Monday, October 25, 2010

The Week Before Halloween

With less than a week before Halloween, exactly a month before Thanksgiving, and exactly two months before Christmas Day, I have plenty of things to do and increasingly less time to do it. I got started early this week with the laundry. Not as early as I would have liked, but I still in by quarter of 10 and out by just after 11. For once, I timed it well. There was only one other person when I got there. As I was leaving, at least three or four other people arrived with big loads of laundry.

I didn't work until 2, so I had plenty of time to put the laundry away. After I finished that, I ran to the library really quick to return Charlie and Lola and The Fantastic Mr. Fox.

When I got home, I worked on editing the Bowery Boys story we're currently writing. When Slip angers a gypsy, she puts a curse on him, the other Boys, Gabe Moreno, and Louie Dumbrowski that turns them all into women. They have to find the Gypsy to lift the curse...and figure out how to literally walk in someone else's high heels.

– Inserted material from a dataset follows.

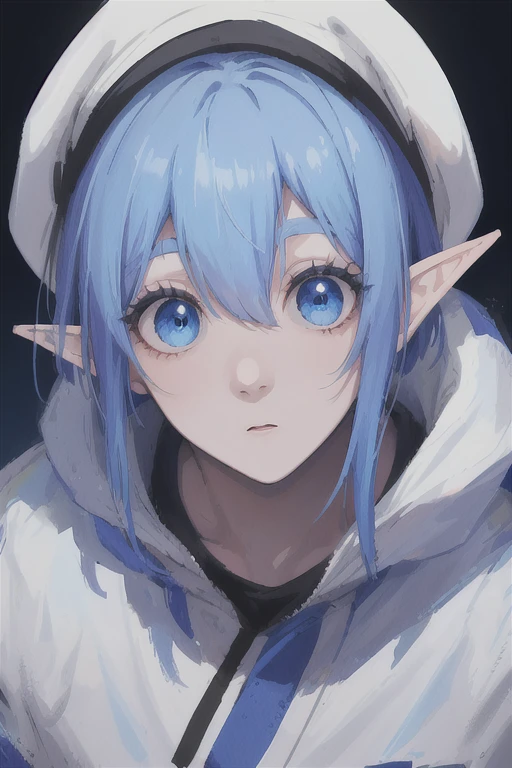 "(best quality, masterpieces:1.2), solo, 1boy, looking at viewer, wizard robe, wizard hat, elf ears, expressionless, sky blue hair, sky blue eyes, short hair, hair between eyes, mage cloth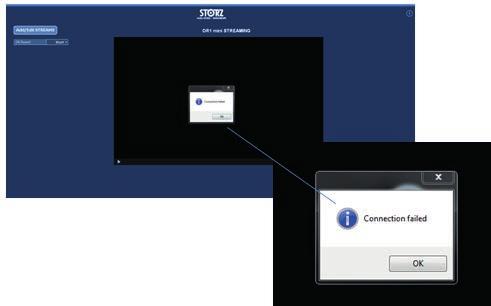 Se i dati di accesso non sono corretti o nella sala operatoria sono state apportate modifiche alla configurazione dei dispositivi di streaming, potrebbe essere visualizzato Connection Failed.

(I posted some other stories late last night as well. Look for two more fairy tales, a short Slip and Sach story, and a longer story about the Boys' trip to Niagara Falls at The Basement Clubhouse on our site The Riverside Rest!)

I got things done so quickly today, I even had time for a decent lunch of leftover chili and home-made rye bread with farm market honey before I changed into my uniform and left for work.

Work was very busy, and a bit of a pain. We had a lot of annoying people today, including one woman who held up my line when she didn't get half of what she was supposed to on her WIC Checks. I finally got fed up with waiting and put her things aside to take my now-long line. She threw a fit, even after the managers explain that you're supposed to get what the pamphlet says, not what you want or what a dairy man says you can get.

(Please, PLEASE read those WIC Checks pamphlets carefully before you come to the store! They tell you exactly what you should and shouldn't buy.)

Thankfully, I was able to get out and home with little fanfare. When I got home, I made an omelet with farm market vegetables and cheese for dinner and watched the first half of Paris '36 (or Faubourg '36). Monsieur Pigoli was the manager of the Chansonia for 35 years before the owner killed himself and the theater shut down. He's heartbroken when he is unable to keep his beloved son with him and the Chansonia is bought by a ruthless Fascist businessman. He thinks he might have a chance when the businessman reopens the Chansonia and he discovers that the businessman's mistress is a wonderful singer. But she might be too good for the small-time music hall...and too embroiled on the wrong side the left-leaning, strike-encouraging stagehand who is pursuing her.

Though technically this isn't a musical, music does play a big part in this tale of changing politics, broken dreams, and lost memories in Paris just as the Popular Front came in. I'm especially enjoying Pigoli's tale. The story of the mistress and the striker is a bit more conventional, but still touching.